Now that the largest land carnivore, the polar bear, is in the throes of trying to survive, perhaps the public will be stirred into an outcry about threats to the picturesque white giant's existence.
President Bush must comply this week with a court order to decide whether to list the polar bear as an endangered species. If Bush treats the polar bear as he has the whole issue of endangered species and greenhouse gases, odds are he'll avoid listing polar bears as "endangered" to avoid giving their habitat rigorous protection. Instead, he likely will list them as "threatened" and relieve himself of an all-out effort to improve the bear's surroundings.
To genuinely protect the bears, their arctic habitat would essentially be off-limits to oil drilling that petroleum companies want to conduct, especially in the Chukchi Sea off Alaska.
A listing of "endangered" also would force Bush to finally recognize the principal force in the alarming shrinkage of the Arctic ice cap by 25 percent since 1979—greenhouse gases.

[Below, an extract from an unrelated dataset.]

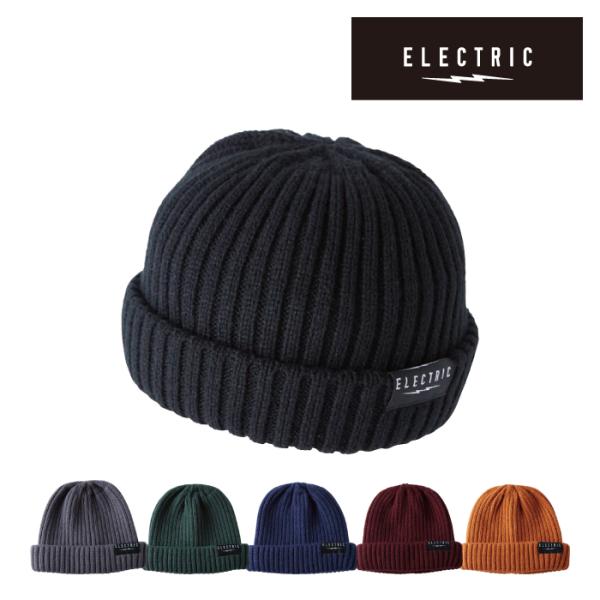 スノーボード ビーニー エレクトリック ELECTRIC KNIT BEANIE TYPE A 帽子 メンズ レディース スキー 24-25 日本正規品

Polar bears use sea ice as platforms to hunt seals. Scientists have found significant hunger among polar bears because of vanishing sea ice.
At his daughter Jenna's wedding last weekend, the president said he anticipates being a grandfather. Sadly, his grandchildren probably will be deprived of seeing some species that died because of their grandfather's loyalty to polluting industry rather than to nature.